Gritting her teeth, she stretched into the gloom beyond, trying to wrest the Kenning
under some kind of control. It felt like opening herself up to a hurricane, stepping naked into wind and fire, a rolling sea beneath her. She could sense a cluster of warmth; dozens of gaijin crammed together, above, below, around. Pushing out further. Wincing at the pain. Feeling something warm in the distance, the sound of a tempest, a flash of heat.
Buruu?
And then she sensed them. Far below, like nothing she’d touched before. Cold and slippery and bejeweled, staring back at her with eyes of polished yellow glass.
Hissing.
She withdrew, slammed the door shut on her power, folded down on herself and drew a long, shuddering breath. Even with her newfound strength, she hadn’t been able to sense Buruu. Was he unconscious? Dead? What had happened to him?

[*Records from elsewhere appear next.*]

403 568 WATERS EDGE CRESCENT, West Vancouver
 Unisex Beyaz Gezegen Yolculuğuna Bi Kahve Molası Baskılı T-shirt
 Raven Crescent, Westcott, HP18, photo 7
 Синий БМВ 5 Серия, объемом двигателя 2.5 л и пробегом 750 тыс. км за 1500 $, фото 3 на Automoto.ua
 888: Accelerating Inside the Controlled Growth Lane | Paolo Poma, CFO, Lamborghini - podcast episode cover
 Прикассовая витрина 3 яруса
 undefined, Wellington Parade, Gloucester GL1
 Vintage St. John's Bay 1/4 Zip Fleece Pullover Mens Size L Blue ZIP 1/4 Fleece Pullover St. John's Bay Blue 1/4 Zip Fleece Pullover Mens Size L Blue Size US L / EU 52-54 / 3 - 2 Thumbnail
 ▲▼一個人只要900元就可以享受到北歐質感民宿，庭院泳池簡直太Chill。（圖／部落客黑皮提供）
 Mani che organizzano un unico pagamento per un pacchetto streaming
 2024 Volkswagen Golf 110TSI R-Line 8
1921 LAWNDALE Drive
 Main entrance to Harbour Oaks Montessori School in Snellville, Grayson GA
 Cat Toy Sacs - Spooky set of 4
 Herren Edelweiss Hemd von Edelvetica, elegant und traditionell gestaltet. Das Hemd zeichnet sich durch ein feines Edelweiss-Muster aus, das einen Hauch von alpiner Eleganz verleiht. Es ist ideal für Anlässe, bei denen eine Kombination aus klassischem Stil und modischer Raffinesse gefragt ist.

Blinking, ignoring the pounding ache in her head, she tried to remember. The sensation of falling came first; the terrifying split second of inertia as momentum failed and gravity took hold. Choppy red water beneath her, rising fast. Impact knocking the breath from her lungs. Sodden clothes dragging her down, shapes in the sky above as lightning flashed.
Arashitora. Two males.
And they were fighting.
“Shima?”
The familiar word pulled her back into the room, into the half-blind stare of the dark-haired man. The gaijin was looking at her intently, arms folded, a far throw from friendly. The blond boy stared at the floor, sucking on the smoking stick, exhaling clouds of honey-scented gray. The headache was a raw wound drilled behind her ears, chiseled atop her spine.
“You Shima?” Astonishingly, the scarred man was speaking in her own tongue—he had a broken, bowlegged accent, but his words were Shiman nonetheless. Stepping closer, he pointed to her, then waved in a direction she presumed was south. The gaijin walked with a severe limp, and when his right foot hit the stone, she heard the chink of metal.
“Hai,” she nodded. “Shima.”
The man scowled and turned on the blond boy, raising his hand as if to strike him, spitting angry gibberish. The boy flinched away, smoke stick crushed between gritted teeth.